H.R. 228 amends the Indian Employment, Training and Related Services Demonstration Act of 1992 to facilitate the ability of Indian Tribes to integrate the employment, training, and related services from diverse federal sources. Primarily, the bill makes permanent the authority of tribes to integrate the federal resources they receive for employment and training purposes under a single plan and budget. The bill clarifies the plan approval process and timelines, the roles of various federal agencies involved, the transfer of funds mechanism, and the reporting and audit requirements the tribes must fulfill.

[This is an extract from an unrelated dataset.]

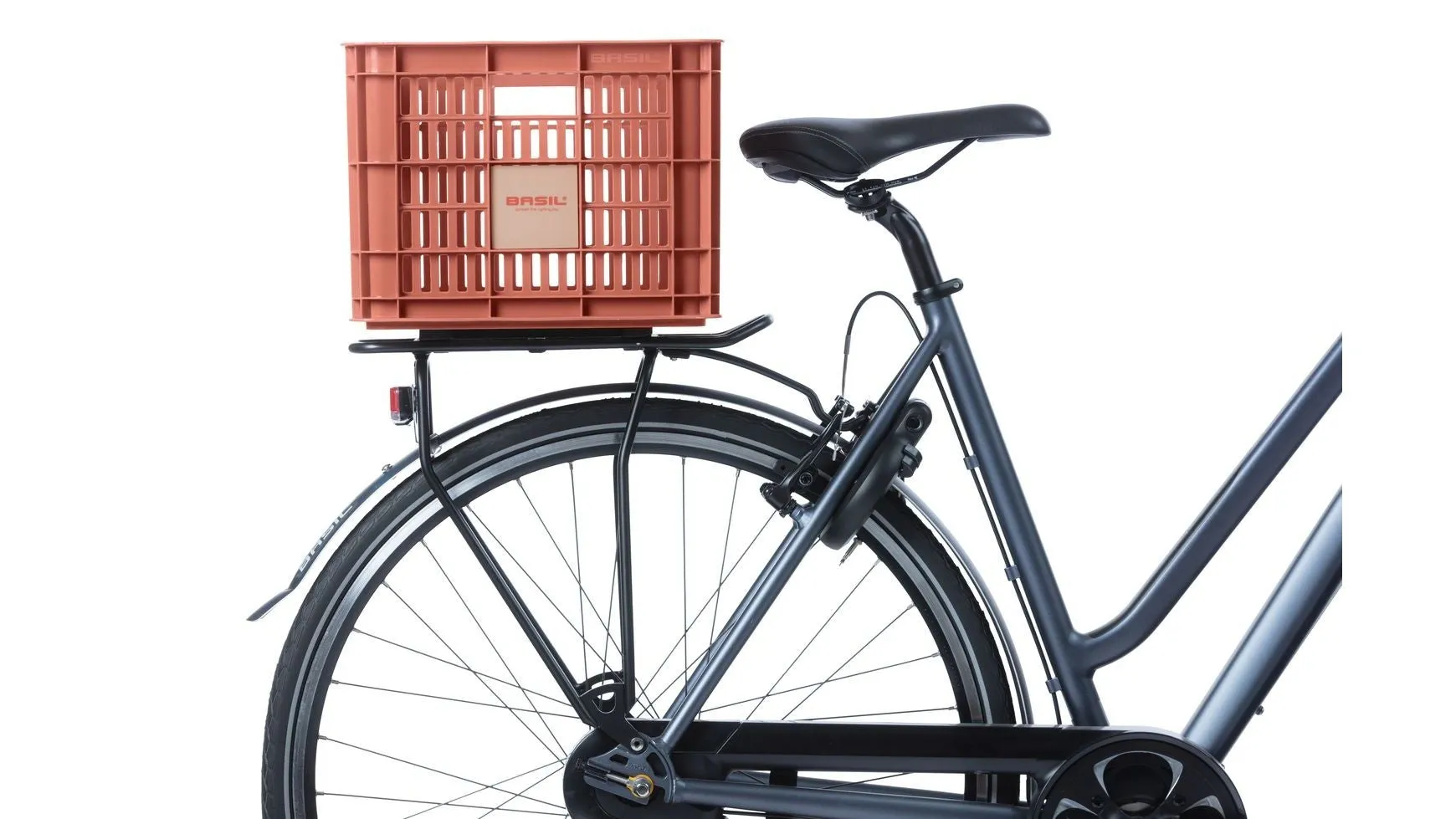 Basil Fahrradkiste M 29,5L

The summary below was written by the Congressional Research Service, which is a nonpartisan division of the Library of Congress, and was published on Dec 19, 2017.
(This measure has not been amended since it was passed by the House on February 27, 2017. The summary of that version is repeated here.)
Indian Employment, Training and Related Services Consolidation Act of 2017
(Sec. 2) This bill amends the Indian Employment, Training and Related Services Demonstration Act of 1992 to rename the Act to the Indian Employment, Training and Related Services Act of 1992 and to revise the program that provides for the integration of employment, training, and related services programs for Indian tribes.
(Sec. 6) The bill revises the types of programs that may be integrated. (Sec. 8) The bill revises the process for: (1) federal agencies to grant or deny a tribe's request to waive statutory, regulatory, or administrative requirements to efficiently implement an integration plan; and (2) the Department of the Interior to approve or disapprove an integration plan. A tribe is granted certain hearing and appeal rights if Interior disapproves its plan.
(Sec. 10) Tribal authority to use funds to place participants in training positions with employers is revised.
(Sec. 13) The Bureau of Indian Affairs must receive and distribute funds for use in accordance with an approved integration plan.
(Sec. 14) Funds transferred to a tribe must be treated as non-federal funds for purposes of meeting matching requirements, except funds administered by the Department of Labor or the Department of Health and Human Services. Civil liability limitations apply to approved integration plans.